Para un lado y para el otro. Dedos regocijándose en el contacto. Enrollando y desenrollando el enigma de un placer desconocido para mí.

La mujer de ese gesto detenía el tiempo para escuchar una canción capaz de emocionarla. Y era la misma que disfrutaba de esos pocos cigarrillos realmente escogidos en el día. O de un café, sentada en la cocina, cuando recién se levantaba de su infaltable siesta.

Dedos regocijándose, en círculo, para un lado. Y para el otro.

A veces, a ella, en medio de una conversación entre amigos, la mirada le abandonaba el cuerpo. Otras, se quedaba suspendida en el silencio y la soledad de su mundo casero. Y los ojos se le empapaban de nostalgias. Y los labios se le apretaban de tristeza. Y el estar se le llenaba de ausencias.

Enrollando y desenrollando. Como arrumándose, mimándose.

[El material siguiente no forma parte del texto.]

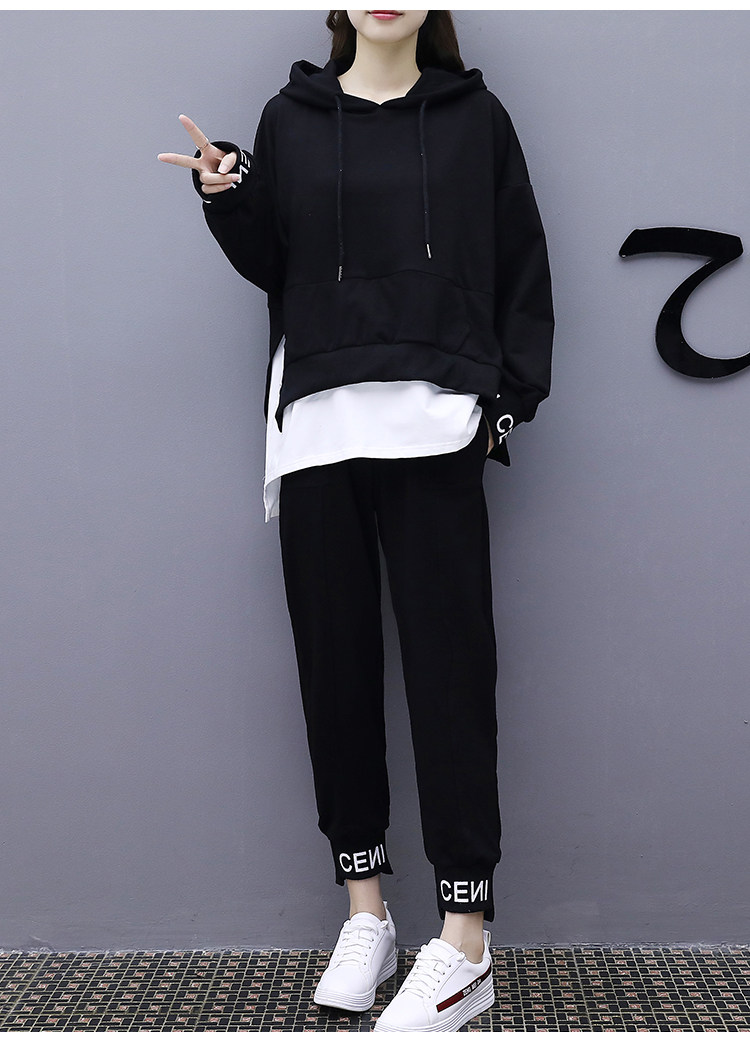 Pull grande taille femme      - Ref 3235871 Image 20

No conocí demasiado a esa mujer, pero era tan distinta a mi mamá. Debo haberme quedado cientos de veces mirándola desde lejos. Intentando no interrumpir ese mundo tan lejano, pero muriéndome de ganas de acercarme y formar parte.

La yema del dedo pulgar recorriendo una y otra vez, en círculos, la uña del índice.
Era tan suyo ese gesto que hubo un tiempo en que intenté copiarlo para parecerme a ella, en alguna época logré olvidarlo para no extrañarla y hoy lo escribo para recordarla.